Short descriptive text snippets:
"""

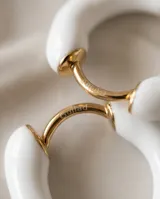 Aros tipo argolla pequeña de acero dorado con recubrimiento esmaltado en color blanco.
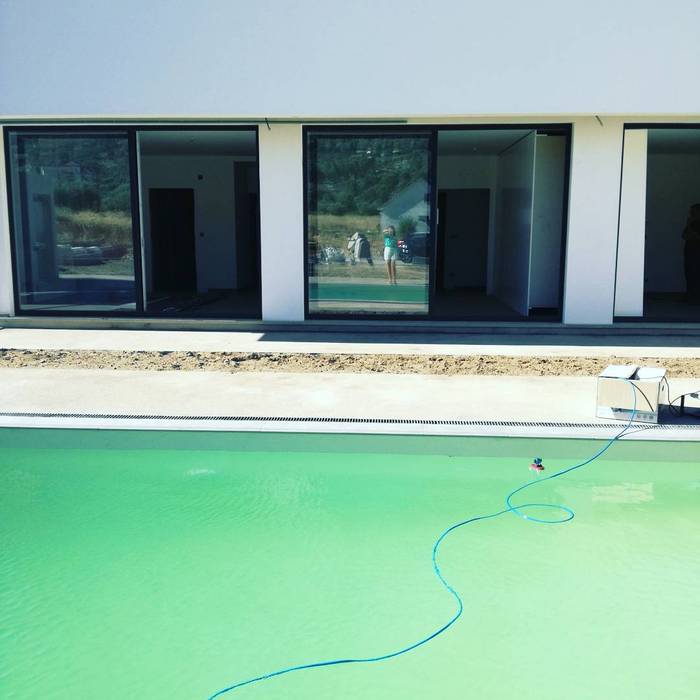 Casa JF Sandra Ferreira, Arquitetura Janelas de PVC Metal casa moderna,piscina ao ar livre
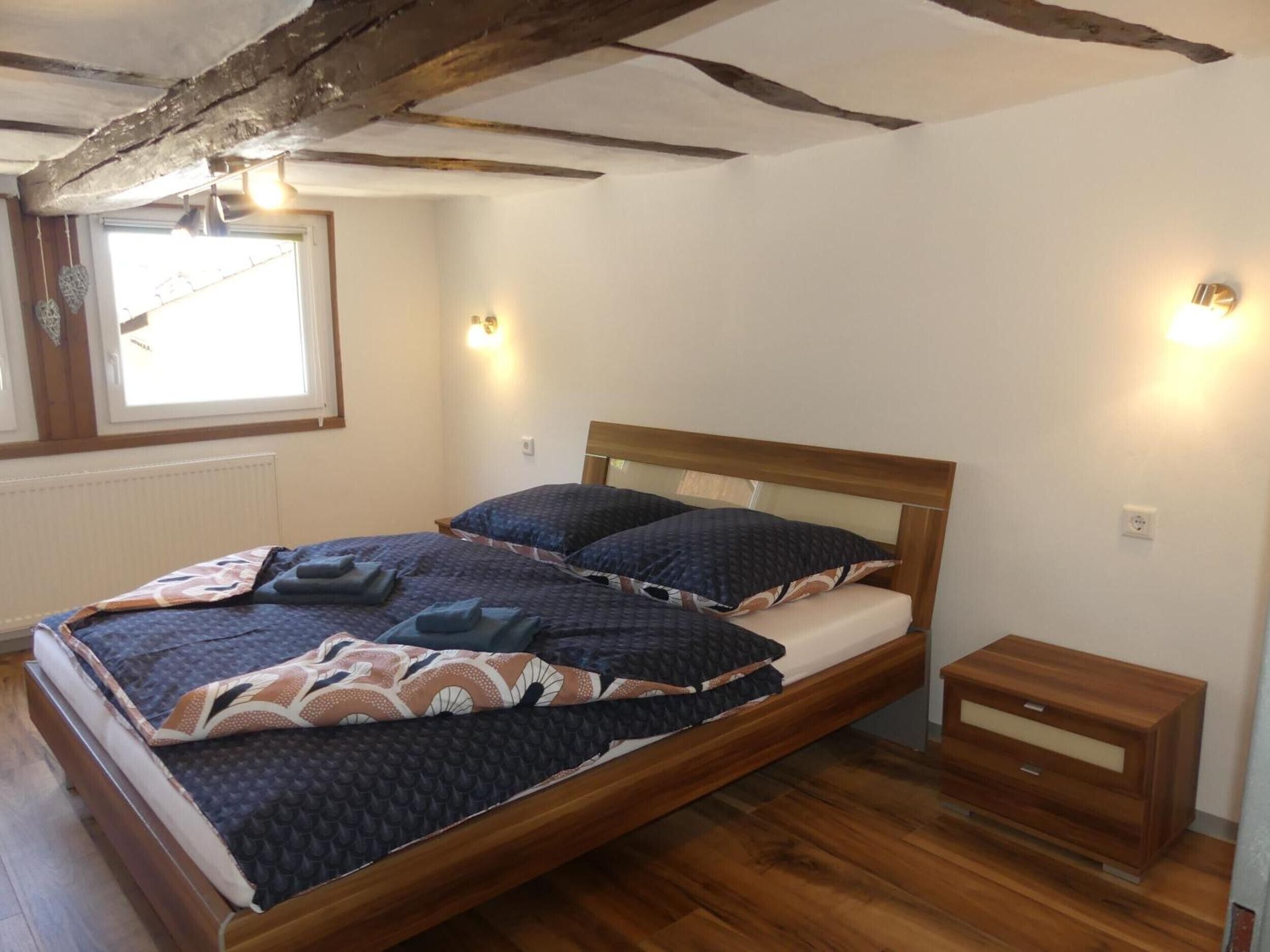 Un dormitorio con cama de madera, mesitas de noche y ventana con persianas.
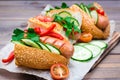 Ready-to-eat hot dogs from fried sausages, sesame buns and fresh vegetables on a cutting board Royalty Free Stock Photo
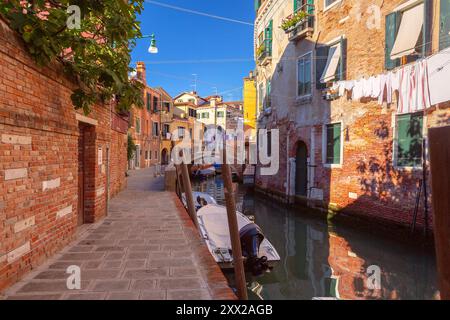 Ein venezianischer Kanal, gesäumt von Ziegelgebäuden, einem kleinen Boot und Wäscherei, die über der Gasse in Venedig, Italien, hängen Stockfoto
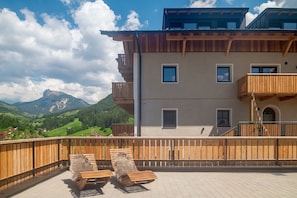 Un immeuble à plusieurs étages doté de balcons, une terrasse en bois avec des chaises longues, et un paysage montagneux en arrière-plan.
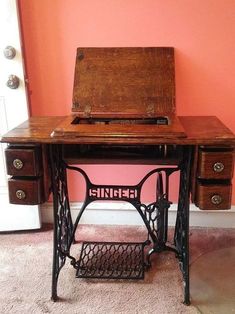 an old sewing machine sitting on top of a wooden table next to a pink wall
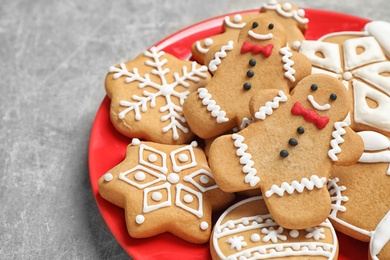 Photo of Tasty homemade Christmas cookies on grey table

"""

* _Task instructions_
Leaving out the pictures, print every record exactly as written.

* _Solved problem_
 Aros tipo argolla pequeña de acero dorado con recubrimiento esmaltado en color blanco.
 Casa JF Sandra Ferreira, Arquitetura Janelas de PVC Metal casa moderna,piscina ao ar livre
 Un dormitorio con cama de madera, mesitas de noche y ventana con persianas.
 Ready-to-eat hot dogs from fried sausages, sesame buns and fresh vegetables on a cutting board Royalty Free Stock Photo
 Ein venezianischer Kanal, gesäumt von Ziegelgebäuden, einem kleinen Boot und Wäscherei, die über der Gasse in Venedig, Italien, hängen Stockfoto
 Un immeuble à plusieurs étages doté de balcons, une terrasse en bois avec des chaises longues, et un paysage montagneux en arrière-plan.
 an old sewing machine sitting on top of a wooden table next to a pink wall
 Photo of Tasty homemade Christmas cookies on grey table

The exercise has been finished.